I started my corporate career in January 1982 with a work ethic that was handed down to me by my parents and my grandparents. Some of the most critical elements of my work ethic were; work first and play after, perform to the best of my abilities, and support others in every way possible.
While the first two elements were important in developing my career and leadership style, the last one was the one that seemed to set me apart and solicit the most positive feedback from others. Supporting others was second nature for me as a result of the way I was reared by my mother.
My mother was a role model for how you supported others with whatever you had within your reach. Sometimes, she was supporting others with advice and suggestions, and other times she was supporting them with resources such as money or food.
Watching my mother give her support to others left a lasting impression on me. I found myself, early on in my career, supporting others with what I had at the time. Sometimes it was my best practice for how I got my work done and other times it was my listening ear or my comforting shoulder. Supporting others became a habit that did not require much forethought when the opportunities presented themselves.
It only made sense at the end of my corporate career and the beginning of my entrepreneurial adventures to reflect on my work ethic and in turn my habit of supporting others. I found out quickly that there were ample opportunities to support others as an entrepreneur.
What I learned about supporting others from my corporate career was relevant and valuable to my new company. I strategically found ways to support other individuals and organizations. Supporting them was in alignment with my core values and the business principles that I subscribed to in my new company.
The first component of supporting others for me is for the support to be visible, not in the sense of making a big deal about it and going for the spotlight. It was all about making sure that the support was visible to the people who needed it the most.
As a volunteer for several organizations, my showing up is critical to their mission. Being visible at the events and promoting the organization and its mission is how real support shows up. Being a volunteer gives me so many opportunities to show my work ethic and more specifically how to support others while being in service to them and their organization.
A second component of supporting others has to include making it actionable. People who talk about getting around to doing something and never actually do it are not being supportive. Supporting others requires me to do something, to take action.
The act of supporting someone else is always at the forefront of my mind when I show up at an event or meeting. Speaking up, setting up the room, preparing the handouts, taking notes, or giving an encouraging word before someone makes a presentation are all actions associated with supporting others. Being assertive is key to demonstrating your support for others.
While in the various leadership roles that I held during my career, I accepted that supporting others might very well be a one-way experience. As the leader with the authority and power to make decisions about others’ career development, I never expected them to do anything for me in return. Their performance and results were what invited my support for advancing their career.

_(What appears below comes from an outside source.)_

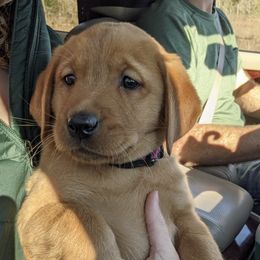 Labrador Retriever and Pomeranian Puppies from Prairie Ridge Kennel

As an entrepreneur, I found myself working with those who I thought were my peers and colleagues more than working for others or them working for me. This mind shift opened me up to expect supporting others might be more mutual. I have not found the evidence I would have expected to support my new paradigm.
I find that in my new world of being an entrepreneur, I am more often than not in experiences without mutual support. I continue my practices and habits of supporting others, only to realize that there is not the mutual actionable and visible support that I would have hoped for.
I am not asserting myself as a victim, rather I am level setting for the reality of being in a new space. This new space more often than not feels lonely, isolated, and alienated. My sense is that others will accept support but not be as quick to give it back. We each have a unique work ethic.
The Servant Leadership principles were embedded in me as a result of my corporate career and my ability to test and apply them over and over again. They became a part of my leadership style. I know that I will continue to support others in any and all ways that I can. While I offer my support to others to help out, I also live in integrity with my work ethic and core values. That means I will continue to support others whether it is mutual or not.
In this day and age, it is easier than ever to support a fellow entrepreneur or business owner. Sharing their social media posts on your timeline gives them visibility to your community, sharing a testimonial on social media gives everyone a chance to learn more about the person and their services, showcasing them on your podcast, asking them to write a blog for your site, referring them to clients who need their unique services are just some of the ways to support others.
The support that we share with each other promotes visibility for all of us. There really is a win-win to be achieved when we support each other in actionable and visible ways.